I've written a WordPress plugin which sends out new post notifications. There is a setting to convert subject lines from html entites to quoted-printable so they'll display in UTF-8 on any email client. A few weeks ago I started getting reports that the quoted-printable subject line was being kept as-is instead of being decoded.
Sample Subject header:
Subject: =?UTF-8?Q?[Pranamanasyoga]=20Foro=20Pranamanasyoga=20:=20estr?= =?UTF-8?Q?=C3=A9s=20y=20resilencia?=
I cannot replicate it locally and have not been able to find any common denominators between reporters.
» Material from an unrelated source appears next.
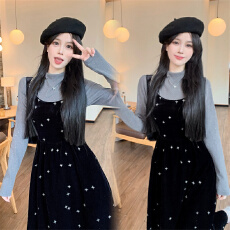 批发实拍～大码女装繁星设计感百搭ins精致显瘦细闪雪花星丝<b class='q'>绒套装</b>裙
The code that generates the quoted-printable line is this:
<?php
$enc = iconv_get_encoding( 'internal_encoding' ); // this is UTF-8
$preferences = ['input-charset' => $enc, 'output-charset' => "UTF-8", 'scheme' => 'Q' ];
$filtered_subject = '[Pranamanasyoga] Foro Pranamanasyoga : estrés y resilencia';
$encoded = iconv_mime_encode( 'Subject', html_entity_decode( $filtered_subject ), $preferences );
$encoded = substr( $encoded, strlen( 'Subject: ' ) );
If I try decoding it, it works fine:
$decoded = iconv_mime_decode($encoded, 0, "UTF-8");
var_dump(['encoded' => $encoded, 'decoded' => $decoded])."\n";
Result:
array(2) {
["encoded"]=>
string(102) "=?UTF-8?Q?[Pranamanasyoga]=20Foro=20Pranamanasyoga=20:=20estr?=
=?UTF-8?Q?=C3=A9s=20y=20resilencia?="
["decoded"]=>
string(59) "[Pranamanasyoga] Foro Pranamanasyoga : estrés y resilencia"
}
One thing I noticed, but think is not related is that my code actually adds a newline before the second =?UTF-8?Q?
piece and the email subject header does not have it. Decoding the strings with- and without the newline works the same.
Does anyone have ideas/suggestions on what may be causing the email clients (Gmail included) to display the string as-is, instead of decoding it to UTF-8?
P.S. While writing this I saw a suggestion to use mb_encode_mimeheader()
in a different thread. It seems to work well with iconv_mime_decode()
in my test code, but the output string is indeed different from the original one:
[Pranamanasyoga] Foro Pranamanasyoga : =?UTF-8?Q?estr=C3=A9s=20y=20resile?=
=?UTF-8?Q?ncia?=
Could it be that email clients would prefer this format over the original one?